Às vezes se vêem por ali Mercedes negras faiscantes, Porches Carreira 4 conversíveis e BMWs (os preferidos do pessoal do "mercado informal"). Não poucas vezes se pode ver em um quiosque pessoas perfeitamente normativas, passíveis de serem encontradas tomando café em qualquer quiosque da cidade trocando dólares e checando diamantes - e tomando café turco.

Todo esse povo - e não é pouca gente - tem que comer em algum lugar. É por isso que boa parte dos espaços térreos na rua Tuval e tantas outras da região estão tomadas por restaurantes. Alguns são caros e muito bons. Outros são prato-feito de comida caseira. Vários são do estilo tiragosto clássico israelense: houmus, kabab, shawarma e salada. Tem lá no fim da rua, na frente da rotatória um McDonald's. McDonald's Kasher. E tem na mesma rua pelo menos uns 3 faláfel.
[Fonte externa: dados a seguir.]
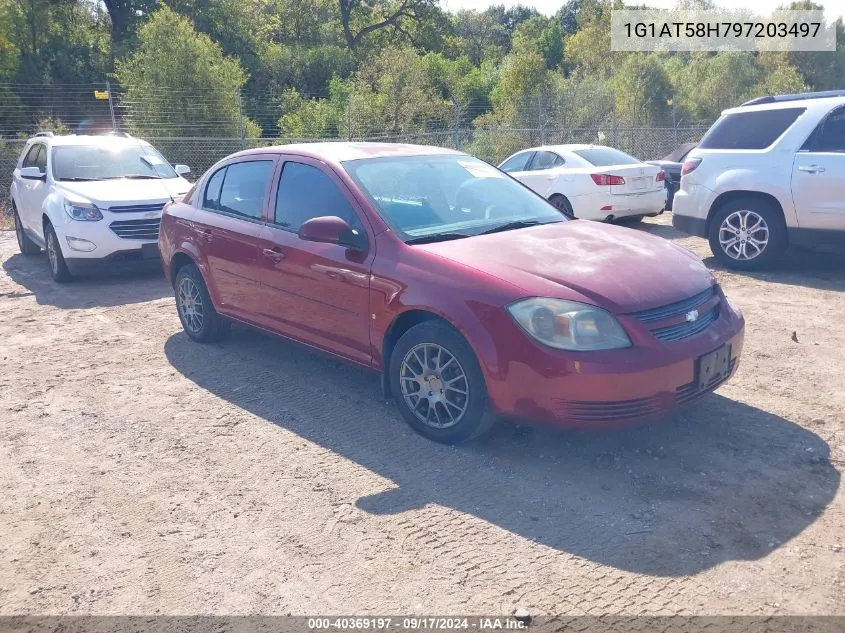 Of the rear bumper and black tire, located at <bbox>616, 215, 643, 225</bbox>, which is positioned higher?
the rear bumper

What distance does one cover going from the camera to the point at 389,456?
4.29 m

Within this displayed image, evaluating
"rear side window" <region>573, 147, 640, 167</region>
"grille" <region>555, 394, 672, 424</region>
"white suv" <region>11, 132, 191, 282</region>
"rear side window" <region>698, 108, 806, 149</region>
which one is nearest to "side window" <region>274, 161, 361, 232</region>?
"grille" <region>555, 394, 672, 424</region>

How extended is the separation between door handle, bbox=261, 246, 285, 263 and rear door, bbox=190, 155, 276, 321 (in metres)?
0.12

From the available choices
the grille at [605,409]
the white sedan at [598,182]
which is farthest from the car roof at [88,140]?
the grille at [605,409]

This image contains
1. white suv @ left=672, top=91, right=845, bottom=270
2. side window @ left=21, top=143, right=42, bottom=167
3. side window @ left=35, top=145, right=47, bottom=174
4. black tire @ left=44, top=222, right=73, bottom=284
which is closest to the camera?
white suv @ left=672, top=91, right=845, bottom=270

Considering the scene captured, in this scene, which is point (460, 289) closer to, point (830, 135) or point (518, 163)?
point (830, 135)

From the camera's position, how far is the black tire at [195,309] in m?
6.31

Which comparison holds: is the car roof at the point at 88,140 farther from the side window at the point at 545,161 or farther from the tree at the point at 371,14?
the tree at the point at 371,14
Um Faláfel eh uma birosca diminuta que vende, como fica claro pelo nome: faláfel. Há um balcão com saladas diversas debaixo de uma vitrine. Atrás do balcão há um sujeito com cara de mafioso, camisa suja e raramente luvas descartáveis. Atrás do sujeito feio, há uma chapa quente (para fazer peito de frango que às vezes se vende nestes lugares), um suspeito Shawarma rodando num espeto e um fritador automático cheio de bolinhas de faláfel e óleo sabe-se de quando borbulhando. Parece uma rede nacional, porque todos os Faláfel que tenho visto no país inteiro são mais ou menos assim. (Talvez todos controlados pela mesma família, porque todos os vendedores que tenho visto são igualmente feios). A coreografia de montagem de um faláfel também é curiosamente a mesma e todo lugar:

O vendedor pega uma pita e um estilete. Com um movimento rápido ele corta uma pequena orelha da pita e a joga em um prato cheio de fatias iguais àquela, que será aproveitado para se preparar um tiragosto mais tarde (esses pedacinhos, fritos no óleo de transontem do faláfel e temperado com zatar). Enquanto enfia o dedo para abrir a pita como se fosse um bolso, ele pergunta: "Houmus? Pimenta?" e já vai metendo ali dentro pasta de houmus. Pega com uma pinça de cozinha uma bolinha de faláfel, joga para o alto e faz uma sesta de três pontos dentro da pita aberta na outra mão. Repete isso umas 5 vezes sem errar nenhuma. Daí pergunta "Salada? Com ou sem cebola?" e mete ali dentro tomate e pepino impossivelmente picadinhos. Às vezes mete repolho (sem perguntar), fecha tudo com mais umas 5 bolinhas de faláfel e (surpresa!) batatinhas fritas nojentamente molengas. Dentro da pita, junto com todo o resto. Espirra por cima Tehina com uma bisnaga igualzinha àquelas que tem em botequins no Brasil, mete tudo dentro de um saquinho e te dá o troço. Custa de 10 a 15 shekels, sem bebida. A fila demora uns 5 minutos, mais 12 segundos pro cara te preparar, 10 minutos para comer - fastfood em sua mais perfeita concepção.